━━━ Input for this task

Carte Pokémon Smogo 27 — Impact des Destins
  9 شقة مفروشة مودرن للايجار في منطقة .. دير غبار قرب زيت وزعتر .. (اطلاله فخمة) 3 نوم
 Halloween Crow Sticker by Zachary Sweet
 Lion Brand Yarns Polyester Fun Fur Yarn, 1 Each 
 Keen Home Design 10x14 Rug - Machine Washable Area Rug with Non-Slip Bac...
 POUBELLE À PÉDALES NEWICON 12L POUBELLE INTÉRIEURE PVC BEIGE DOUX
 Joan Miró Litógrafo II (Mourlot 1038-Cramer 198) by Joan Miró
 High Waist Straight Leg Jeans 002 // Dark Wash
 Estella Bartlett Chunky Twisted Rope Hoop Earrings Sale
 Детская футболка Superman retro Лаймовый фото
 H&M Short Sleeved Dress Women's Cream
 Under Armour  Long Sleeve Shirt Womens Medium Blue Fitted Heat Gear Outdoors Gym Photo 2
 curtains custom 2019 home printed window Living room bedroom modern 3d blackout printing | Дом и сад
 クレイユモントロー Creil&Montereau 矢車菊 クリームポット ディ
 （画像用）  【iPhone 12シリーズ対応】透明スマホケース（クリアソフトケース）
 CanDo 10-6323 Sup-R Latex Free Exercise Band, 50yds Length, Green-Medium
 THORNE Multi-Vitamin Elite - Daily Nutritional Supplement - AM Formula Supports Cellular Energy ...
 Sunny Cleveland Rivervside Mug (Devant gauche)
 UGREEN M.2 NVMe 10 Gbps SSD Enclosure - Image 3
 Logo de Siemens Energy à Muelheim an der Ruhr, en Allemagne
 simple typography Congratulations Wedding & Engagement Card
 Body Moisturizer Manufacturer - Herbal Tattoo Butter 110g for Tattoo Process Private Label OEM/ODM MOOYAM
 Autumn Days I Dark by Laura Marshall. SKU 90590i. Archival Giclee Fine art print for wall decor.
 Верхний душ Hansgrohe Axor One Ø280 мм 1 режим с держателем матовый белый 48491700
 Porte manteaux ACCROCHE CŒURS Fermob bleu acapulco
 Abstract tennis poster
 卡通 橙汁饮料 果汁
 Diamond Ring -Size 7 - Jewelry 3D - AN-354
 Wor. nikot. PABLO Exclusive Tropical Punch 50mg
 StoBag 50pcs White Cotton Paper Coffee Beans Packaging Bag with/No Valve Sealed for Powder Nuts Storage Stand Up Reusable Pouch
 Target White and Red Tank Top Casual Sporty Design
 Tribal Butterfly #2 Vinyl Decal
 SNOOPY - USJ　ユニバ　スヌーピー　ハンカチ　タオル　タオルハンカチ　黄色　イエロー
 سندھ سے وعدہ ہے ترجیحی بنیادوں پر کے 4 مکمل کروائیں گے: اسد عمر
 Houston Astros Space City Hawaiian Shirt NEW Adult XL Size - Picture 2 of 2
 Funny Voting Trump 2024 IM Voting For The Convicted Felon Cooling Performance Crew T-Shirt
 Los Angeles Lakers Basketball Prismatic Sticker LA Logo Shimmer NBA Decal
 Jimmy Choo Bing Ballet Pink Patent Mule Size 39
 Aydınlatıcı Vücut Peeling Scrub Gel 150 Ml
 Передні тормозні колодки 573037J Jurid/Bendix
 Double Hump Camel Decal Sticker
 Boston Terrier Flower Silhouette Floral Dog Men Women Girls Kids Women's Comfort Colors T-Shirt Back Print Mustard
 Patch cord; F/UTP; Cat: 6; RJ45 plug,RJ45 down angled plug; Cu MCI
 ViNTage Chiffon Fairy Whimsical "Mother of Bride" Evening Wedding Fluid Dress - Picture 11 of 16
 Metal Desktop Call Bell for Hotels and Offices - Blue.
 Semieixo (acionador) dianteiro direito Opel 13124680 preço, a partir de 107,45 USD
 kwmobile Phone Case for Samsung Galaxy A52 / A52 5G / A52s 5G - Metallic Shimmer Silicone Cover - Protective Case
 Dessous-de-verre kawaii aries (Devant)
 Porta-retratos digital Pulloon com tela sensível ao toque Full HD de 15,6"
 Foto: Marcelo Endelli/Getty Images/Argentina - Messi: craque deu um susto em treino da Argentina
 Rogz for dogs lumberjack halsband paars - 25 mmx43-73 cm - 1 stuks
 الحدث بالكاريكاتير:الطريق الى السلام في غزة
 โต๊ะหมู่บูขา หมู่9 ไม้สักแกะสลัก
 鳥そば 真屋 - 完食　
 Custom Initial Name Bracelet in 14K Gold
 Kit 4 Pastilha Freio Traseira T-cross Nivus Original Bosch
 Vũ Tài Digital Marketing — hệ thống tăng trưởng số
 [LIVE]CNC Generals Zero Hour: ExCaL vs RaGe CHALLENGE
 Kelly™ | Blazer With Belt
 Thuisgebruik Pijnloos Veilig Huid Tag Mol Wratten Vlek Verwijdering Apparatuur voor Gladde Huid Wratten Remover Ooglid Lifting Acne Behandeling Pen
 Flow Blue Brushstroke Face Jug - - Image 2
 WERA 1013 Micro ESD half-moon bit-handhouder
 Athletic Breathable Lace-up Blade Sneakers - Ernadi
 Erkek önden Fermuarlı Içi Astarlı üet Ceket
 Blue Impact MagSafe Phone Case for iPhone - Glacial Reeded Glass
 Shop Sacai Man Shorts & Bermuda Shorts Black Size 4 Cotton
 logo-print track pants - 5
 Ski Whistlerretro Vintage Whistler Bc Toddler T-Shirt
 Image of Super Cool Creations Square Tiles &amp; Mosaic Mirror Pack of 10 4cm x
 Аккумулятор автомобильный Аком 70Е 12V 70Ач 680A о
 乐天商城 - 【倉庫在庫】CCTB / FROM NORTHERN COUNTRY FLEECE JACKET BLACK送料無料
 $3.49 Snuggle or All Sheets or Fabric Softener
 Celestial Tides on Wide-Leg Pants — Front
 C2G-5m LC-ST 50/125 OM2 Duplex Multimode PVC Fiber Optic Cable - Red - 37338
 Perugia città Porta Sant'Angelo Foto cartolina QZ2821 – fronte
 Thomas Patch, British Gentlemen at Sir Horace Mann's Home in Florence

━━━━━━

• Problem: Copy each line in the data that holds the word "Picture".

• Exercise response:
 Houston Astros Space City Hawaiian Shirt NEW Adult XL Size - Picture 2 of 2
 ViNTage Chiffon Fairy Whimsical "Mother of Bride" Evening Wedding Fluid Dress - Picture 11 of 16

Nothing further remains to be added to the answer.